Many of Boston's best singer-actors will be gathering at John Hancock Hall Nov. 14, 21, and 22 for Overture Productions' concert version of Sondheim's 1971 marvel, "Follies," which predicted the end of the traditional Broadway song-and-dance show. Sure enough, one musical after another went on to mine darker regions. This later generation of composers -- Edward Kleban, William Finn, Jonathan Larson, Jason Robert Brown, Adam Guettel, Ricky Ian Gordon, and Michael John LaChiusa -- seemed to have little in common with the sons of immigrants and their optimism. Their reference points lay in Vietnam and Watergate, and their hero was Sondheim.

Bernstein had noted, in a 1956 program he did for the television show "Omnibus," that the trend in 20th-century musical theater was going from variety show to opera. And it was inevitable that creative composers coming along in the 1970s would gravitate more toward Sondheim's darker, dramatic sensibility than to their parents' favorites. The assimilation experience was not theirs.

But while their approach might have been fine for Off-Broadway or regional theaters, was it right for Broadway? Could anyone have expected audiences to flock to a series of musicals about lynching Jews ("Parade"), killing children ("Marie Christine"), killing husbands ("Thou Shalt Not"), killing lovers ("Sunset Boulevard"), or meaninglessness ("The Wild Party")?

This kind of pop opera might wow critics but very rarely wowed audiences. As Marc Shaiman, the composer of "Hairspray," said to The New York Times, "It's not that I don't adore Sondheim. . . . I just don't know why everyone else felt they had to emulate him so."

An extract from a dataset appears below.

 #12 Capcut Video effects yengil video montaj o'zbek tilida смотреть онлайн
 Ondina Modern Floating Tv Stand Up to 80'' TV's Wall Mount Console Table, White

To wonder what would have happened to the musical if it had followed in Bernstein's more upbeat tracks is not idle speculation, because in a sense, for reasons both cultural and economic, the genre has come back toward him. While no one is in his class as a composer who could wed the sophistication of classical music with the vernacular of popular music, three of the more successful musicals recently -- "Ragtime," "The Producers," and "Hairspray" -- are more in the Bernstein tradition than in the Sondheim line.

In "Ragtime," despite the deaths of the two main African-American characters, there's still a sense of joyfulness in anthemic themes such as "Wheels of a Dream" and a sense of optimism that things will be better for the next generation. The zaftig and African-American characters in "Hairspray," like Candide, are outsiders who will ultimately prevail against the establishment. "The Producers" revels in the mischievous buoyancy that typifies "Candide." (If only Mel Brooks and collaborator Thomas Meehan had written the book for "Candide," instead of Hellman.) And that bouncy sensibility is everywhere in the music.

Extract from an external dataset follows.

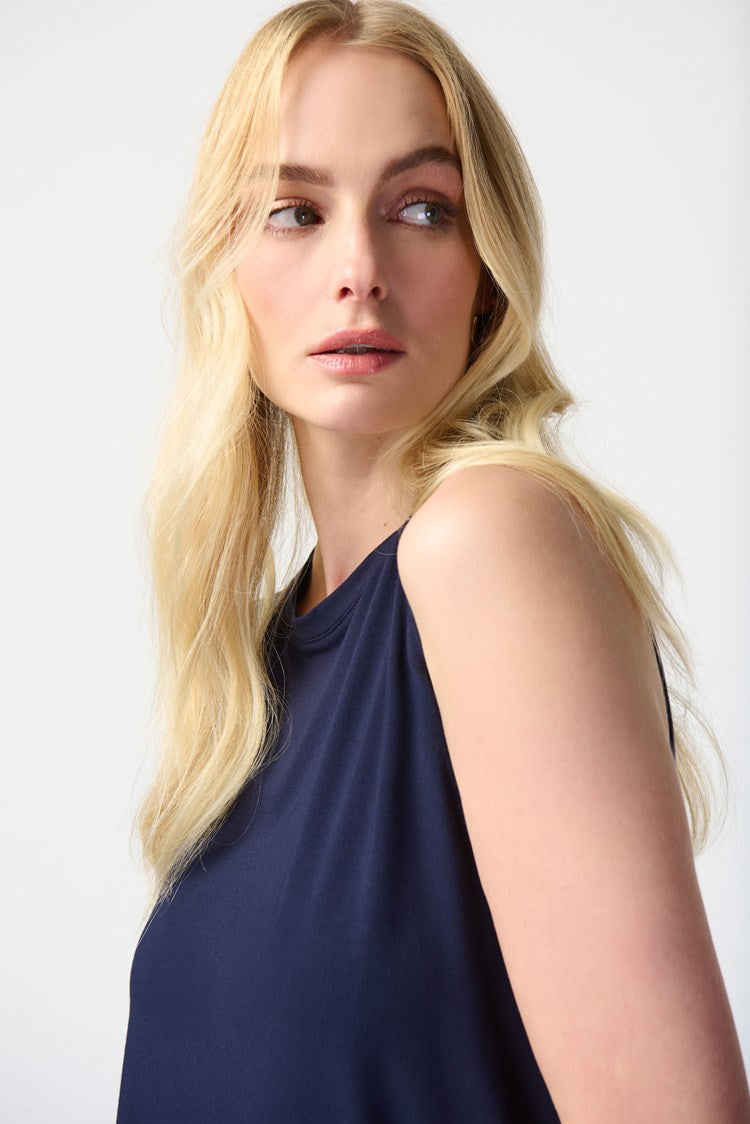 BAMBOO BLEND SLEEVELESS JERSEY TOP 241289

Why shouldn't it work? After all, when you take such qualities out of the musical, "West Side Story" becomes "The Capeman," Paul Simon's dour, unsuccessful attempt to crack Broadway.

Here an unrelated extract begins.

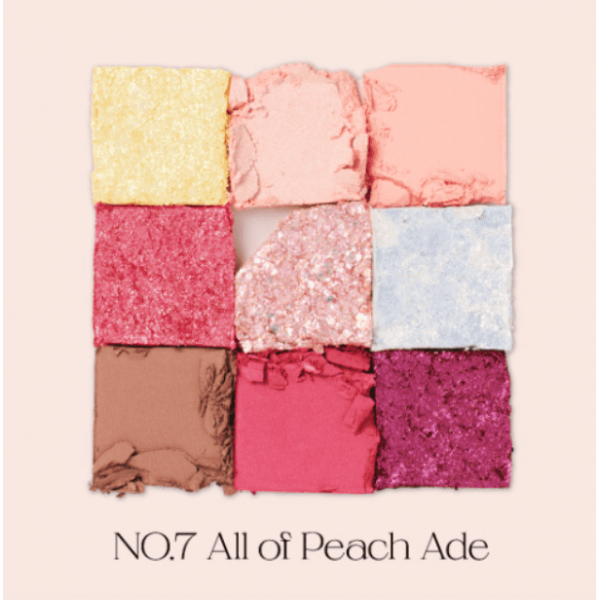 UNLEASHIA Палетка теней для век в персиковых оттенках №7 Glitterpedia Eye Palette №7. All of Peach Ade (6,9 г)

In 1973 Bernstein came to Harvard to deliver a series of lectures on classical music entitled "The Unanswered Question." He argued that music, like language, needed to obey certain universal laws, and that while the atonal avant-garde -- Schoenberg, Berg, Webern, Boulez -- was not without interest, tonality was an essential ingredient of music. The notion seemed conservative, if not reactionary, in its time. Now that tonality rules again, the lectures seem way ahead of their time.

Perhaps there are certain laws for the Broadway musical as well. If so, there's a lot to learn from "West Side Story" and "Candide."